A hyper-contractile muscle sheath enhances egg chamber elongation. (A) Representative images showing that egg width is reduced under Mef2>wb-RNAi(1d) (arrow), whereas length is unchanged. Orange and yellow reference lines are the same length on both images. Scale bar: 50 µm. (B,C) Quantification of egg length and width data in A. (D,E) Measurements of germ cell volume at stage 10b. Under Mef2>wb-RNAi(1d), nurse cell volume is normal (D), but oocyte volume is reduced (E). (F-H) Wb depletion affects the way the muscle sheath envelops the egg chambers. (F) Muscle sheath morphology can be binned into three categories; tight, normal and loose.

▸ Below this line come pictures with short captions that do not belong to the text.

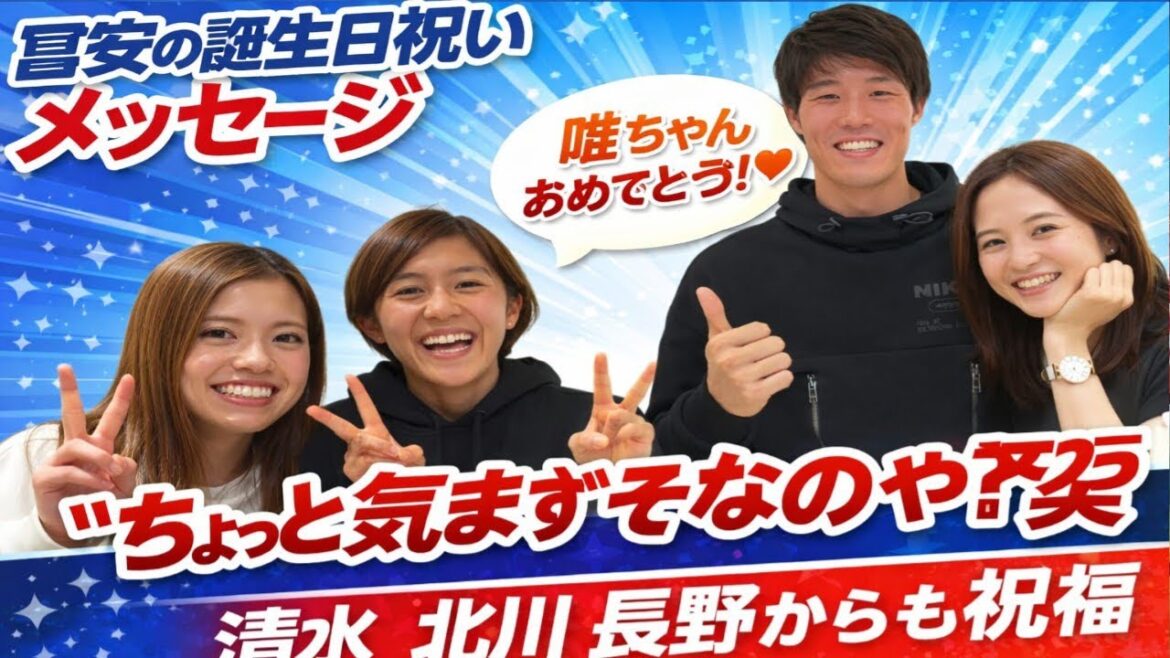 🎉⚽[Can't help but smile]Yui Hasegawa has a wonderful reaction to Takehiro Tomiyasu's birthday blessing 😂💬 The bond of Nadeshiko European group is respected
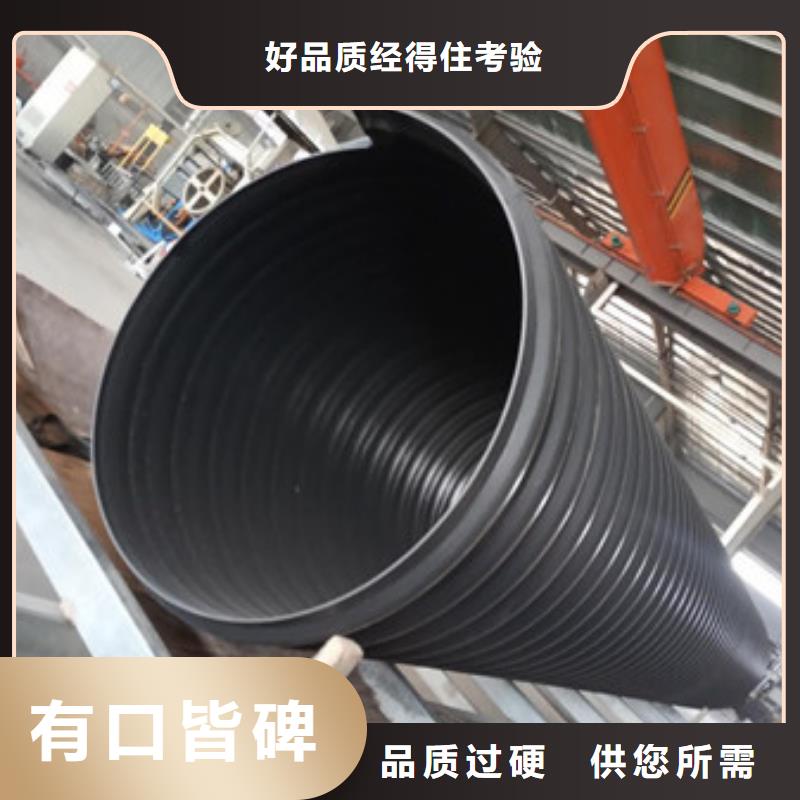 鋼帶波紋管廠家批發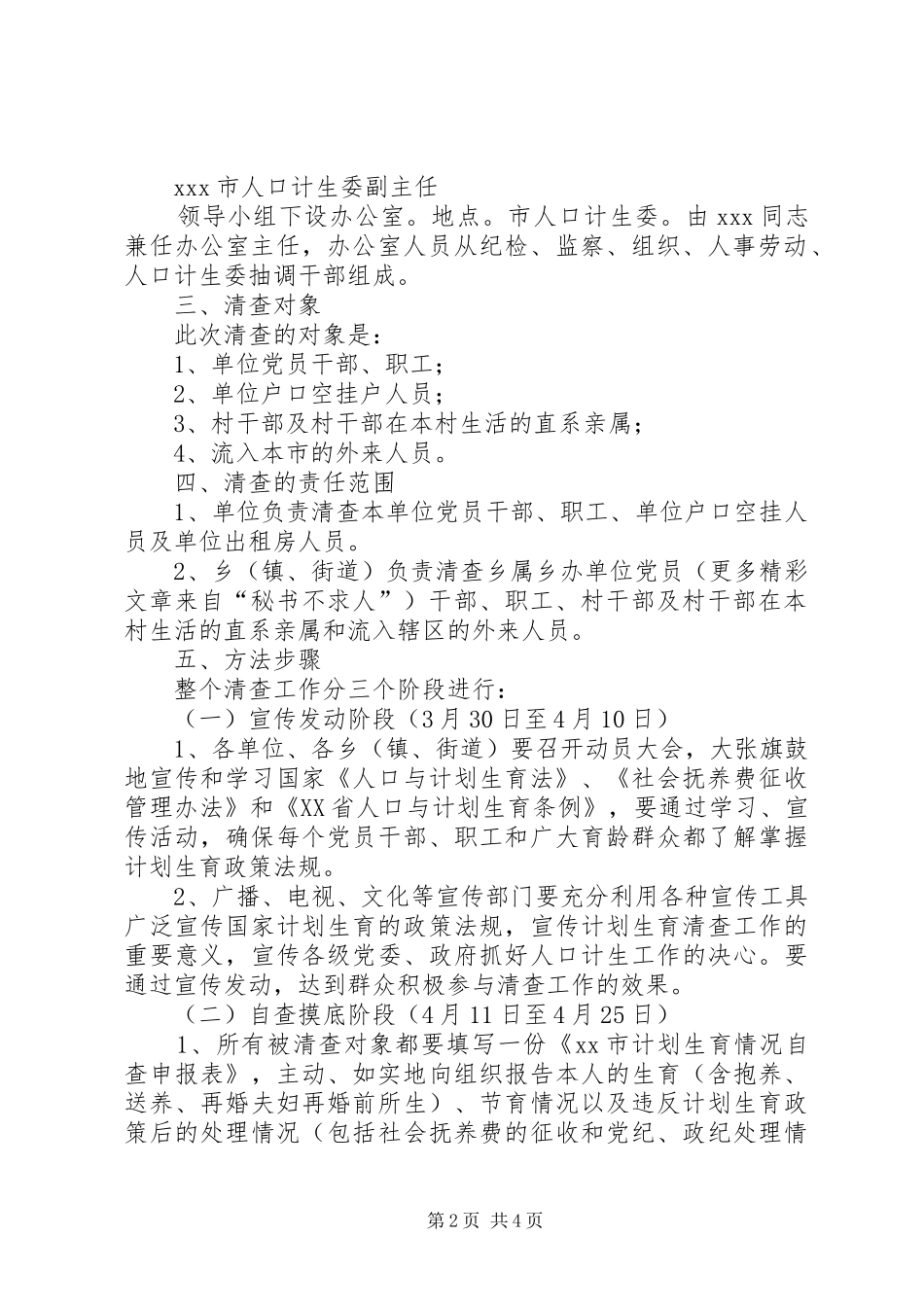关于清查党员干部、职工及流入人口计划生育情况的实施意见 _第2页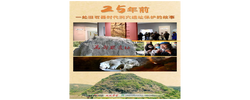 文脉华章｜25年前，一处旧石器时代洞穴遗址保护的故事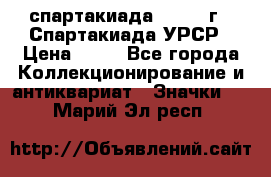 12.1) спартакиада : 1971 г - Спартакиада УРСР › Цена ­ 49 - Все города Коллекционирование и антиквариат » Значки   . Марий Эл респ.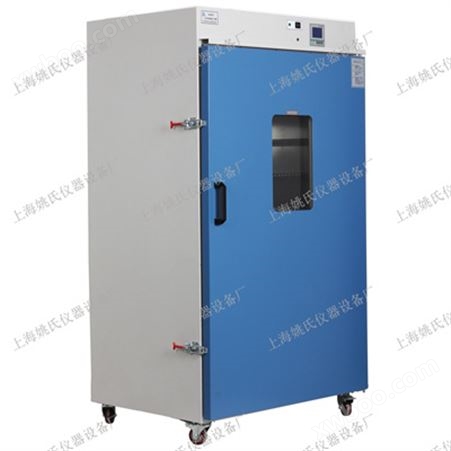YHG-9925A上海电热恒温鼓风干燥箱高温烘箱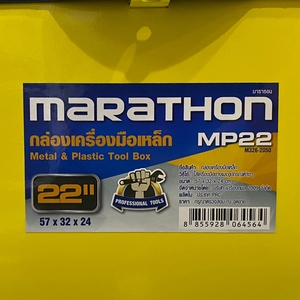 MARATHON กล่องเครื่องมือเหล็ก 22 นิ้ว รุ่น MP22 - Image 4
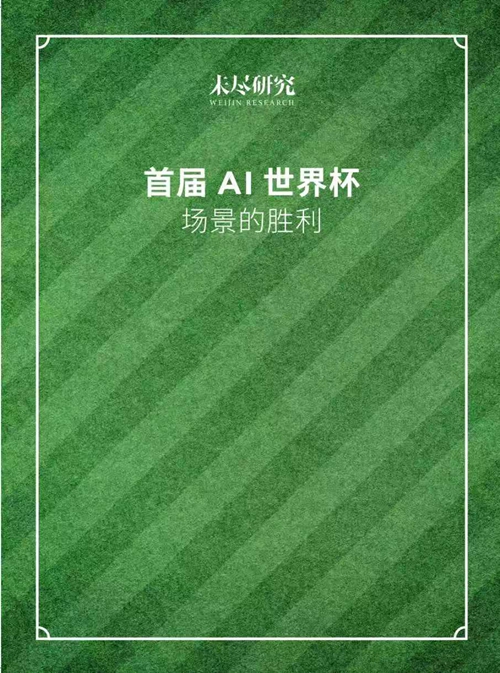 《首届AI世界杯：场景的胜利》白皮书发布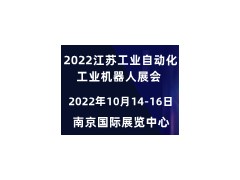 2022長三角工業(yè)自動(dòng)化展會(huì)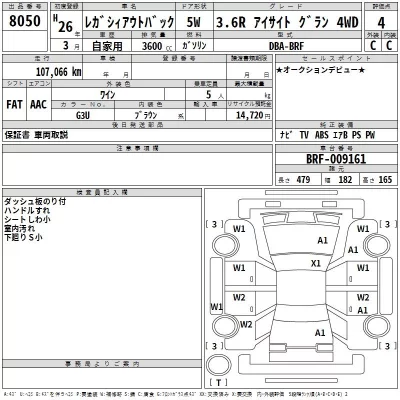Subaru LEGACY OUTBACK  с аукциона в Японии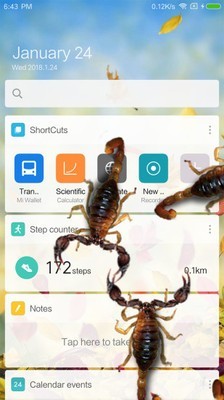 蝎子恶作剧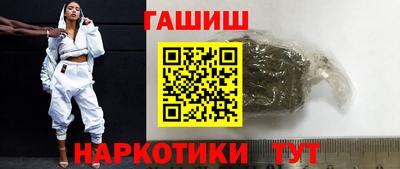 мескалин Гагарин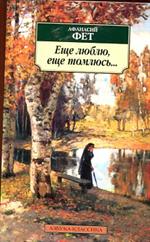 Еще люблю, еще томлюсь. . .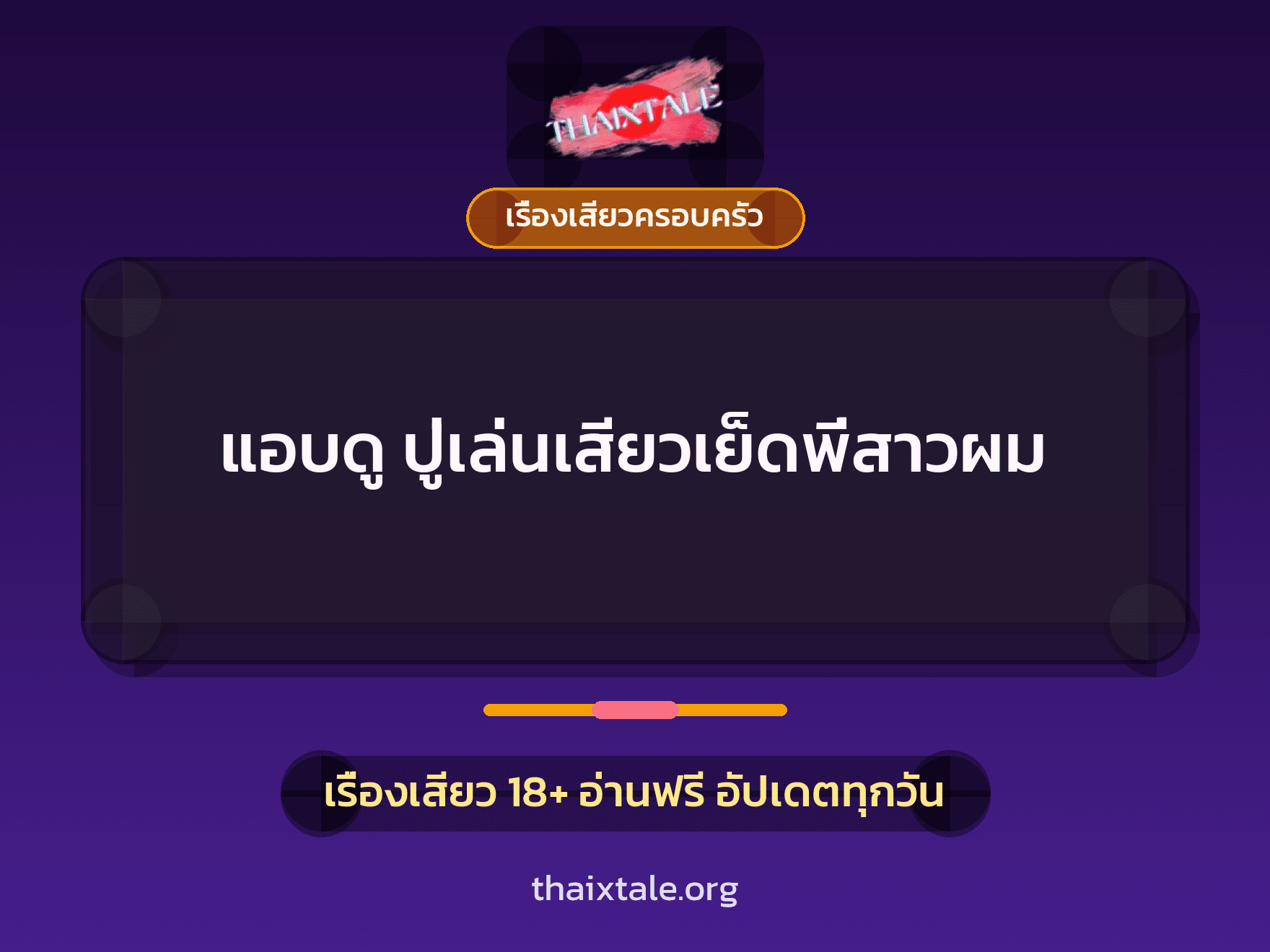 เรื่องเสียว + เรื่องเสียวครอบครัว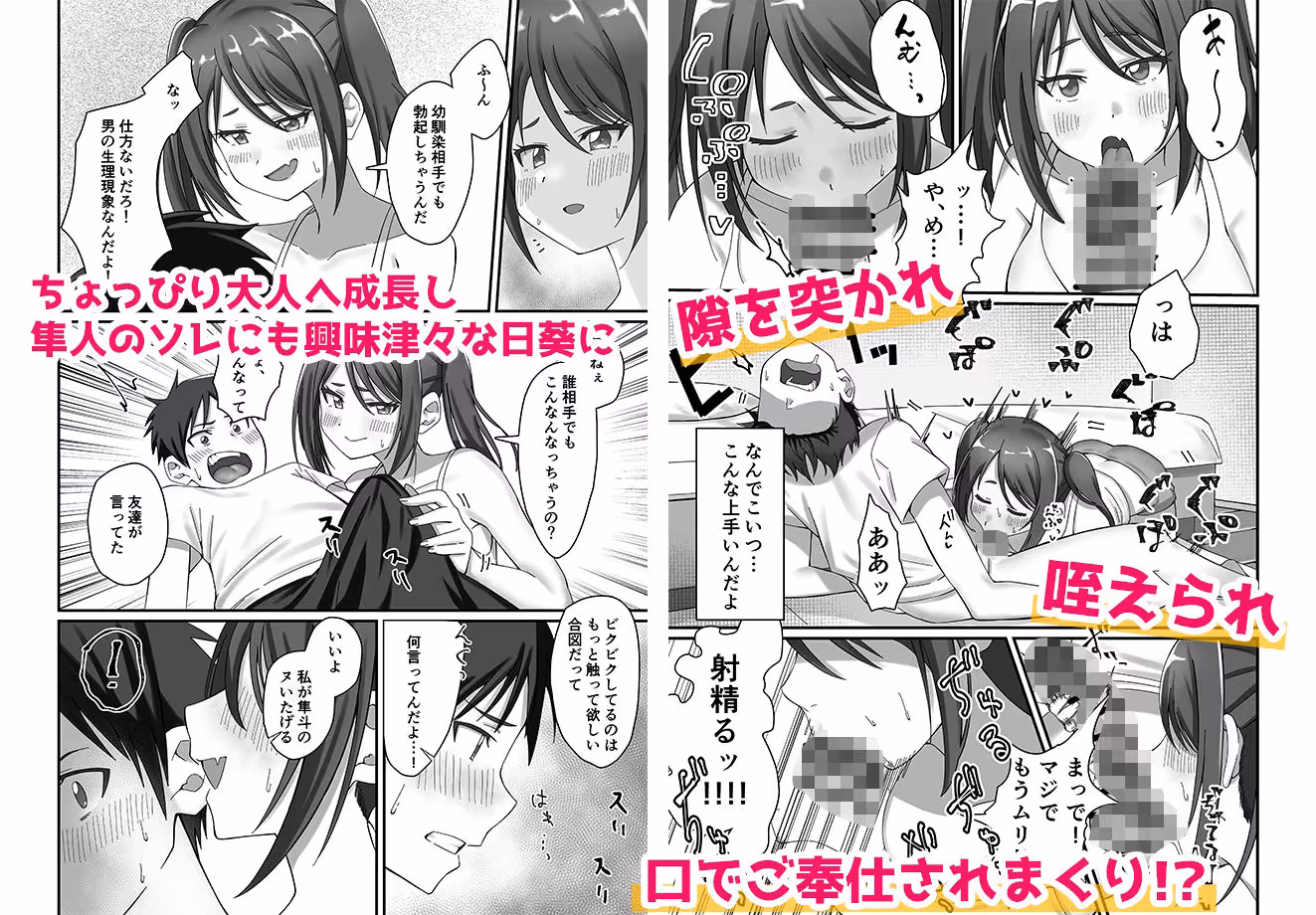 押しかけ今日の幼馴染ッ! サンプル画像 3枚目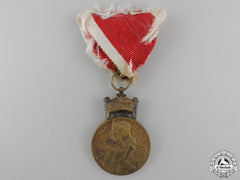 A Second War King Zvonimir Merit Medal; Bronze Grade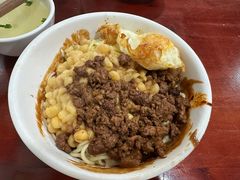 -朱儿面庄(洋河三路店)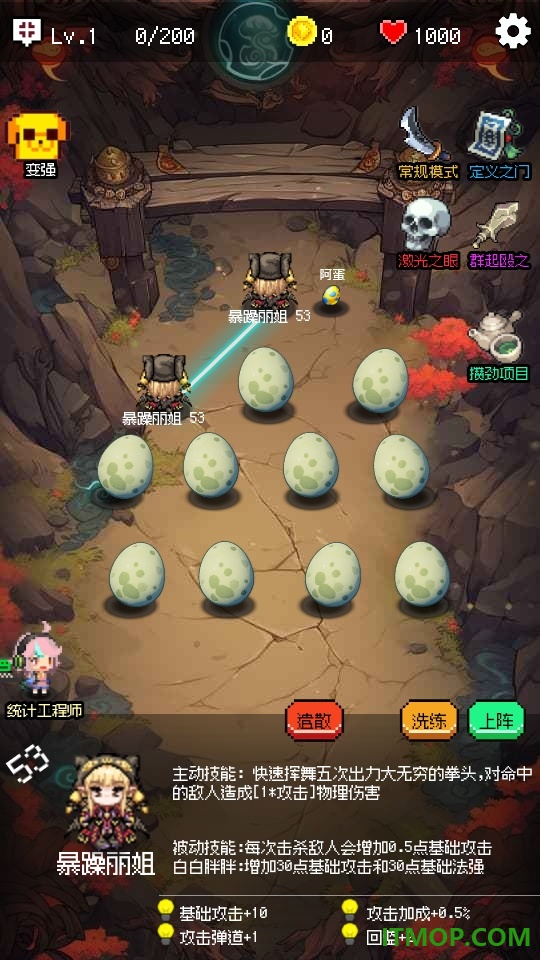 守个蛋游戏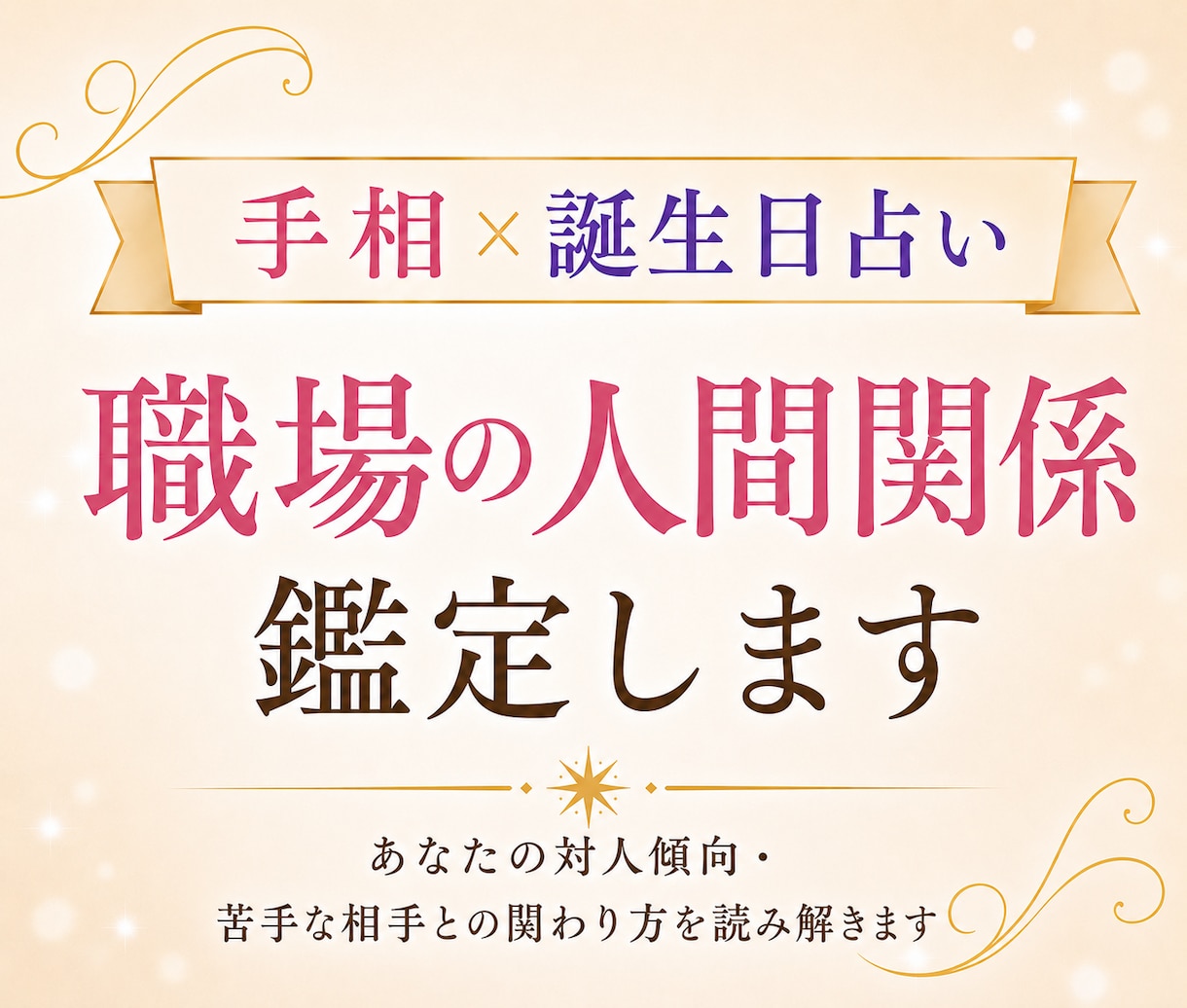 手相×誕生日占い｜職場の人間関係を鑑定します あなたの対人傾向・苦手な相手との関わり方を読み解きます イメージ1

Arrowheads mark gaps between the muscle sheath and the egg chambers. (G,H) Quantification of muscle sheath morphology. (G) In controls, the normal morphology predominates. Under Mef2>wb-RNAi(6d), the loose morphology predominates. (H) Under Mef2>wb-RNAi(1d), the tight morphology predominates. (I,J) Aspect ratio measurements across stages 4-14. (I) The aspect ratio for Mef2>wb-RNAi(6d) egg chambers does not fall below controls until stage 9, after vitellogenesis begins. (J) By contrast, the aspect ratio for Mef2>wb-RNAi(1d) egg chambers is higher than controls from stage 4. Data represent mean±s.d., Student's t-test in B-E,I,J, Chi squared test in G,H; N.S., not significant; **P<0.01, ***P<0.001; n=9-10 egg chambers per condition except where noted in G,H.